Matthew Hancock

Follow @matthewhancock
Issues with HealthCare.gov Launch
I was interviewed for a Reuters article talking about issues impacting performance of HealthCare.gov. The article includes two issues I encountered with the site. The origin of this is the security questions not loading on the sign-up form, which led to me noticing the vast number of resources being requested all at the root www.healthcare.gov domain name.

The feedback from the article is about what I expected. People are saying 92 resources aren't that much, such as this tweet:

Doing a request to reuters.com I saw 128 requests, but more importantly only 24 were going to the http://www.reuters.com main domain. The 92 requests I mentioned were all going to http://www.healthcare.gov meaning every request was being directed to the same servers or load balancers. And yes, this is entirely manageable. However, in the context of Development Seed's focus on the number of servers being used in this great piece by Alex Howard is what causes my concern. They discuss walking into an expectation of 32 servers and they were able to get that number down to 2. Obviously for the full launch they would increase that number, but too few servers and too many simultaneous requests will definitely cause issues.

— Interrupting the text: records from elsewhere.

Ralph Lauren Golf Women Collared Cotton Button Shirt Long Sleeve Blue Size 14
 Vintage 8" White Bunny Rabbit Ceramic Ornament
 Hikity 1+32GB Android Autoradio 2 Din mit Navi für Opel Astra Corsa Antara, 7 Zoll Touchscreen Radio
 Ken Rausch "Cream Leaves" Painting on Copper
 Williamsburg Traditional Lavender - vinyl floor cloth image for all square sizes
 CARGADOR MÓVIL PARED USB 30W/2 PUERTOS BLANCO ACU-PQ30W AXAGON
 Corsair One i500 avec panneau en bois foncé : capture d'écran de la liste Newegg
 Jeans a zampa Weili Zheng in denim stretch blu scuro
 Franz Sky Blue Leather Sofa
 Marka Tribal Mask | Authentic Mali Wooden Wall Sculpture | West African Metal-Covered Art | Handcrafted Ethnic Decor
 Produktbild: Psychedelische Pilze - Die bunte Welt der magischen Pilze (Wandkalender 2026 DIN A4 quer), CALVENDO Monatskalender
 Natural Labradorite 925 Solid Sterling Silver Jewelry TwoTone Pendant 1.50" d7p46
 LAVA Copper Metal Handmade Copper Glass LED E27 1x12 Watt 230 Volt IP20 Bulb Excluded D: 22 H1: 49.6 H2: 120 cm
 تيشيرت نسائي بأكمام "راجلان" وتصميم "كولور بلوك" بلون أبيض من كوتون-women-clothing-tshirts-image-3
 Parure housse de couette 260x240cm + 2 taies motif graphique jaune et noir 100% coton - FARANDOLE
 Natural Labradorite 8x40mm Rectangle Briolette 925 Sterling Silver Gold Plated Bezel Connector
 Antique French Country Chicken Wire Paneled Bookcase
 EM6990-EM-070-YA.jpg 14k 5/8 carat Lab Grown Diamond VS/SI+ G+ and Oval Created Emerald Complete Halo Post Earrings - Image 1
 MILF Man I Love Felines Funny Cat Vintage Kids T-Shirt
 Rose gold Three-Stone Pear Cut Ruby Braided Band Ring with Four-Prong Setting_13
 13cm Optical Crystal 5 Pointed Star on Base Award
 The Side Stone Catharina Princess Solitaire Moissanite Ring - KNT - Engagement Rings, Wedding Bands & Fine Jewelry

The site stayed up, and returning CSS or Javascript files only takes a millisecond or two (if done correctly) from the server's perspective, but each request, assuming no asynchrony was added, locks up a thread and eventually peaks a server's capacity to handle new requests. Based on how the communication works with the backend system (discussed next), there is potential for socket connection issues on the client side and the server side when communicating to the backend system via web services. There is also talk of using Akamai for CDN so it is unclear if healthcare.gov points to the CDN, or if certain paths are routed to the CDN as a sort of wrapper. Seeing as the backend system is reached via the intranet, it would be interesting to see the specific network structure and how the CDN is integrated.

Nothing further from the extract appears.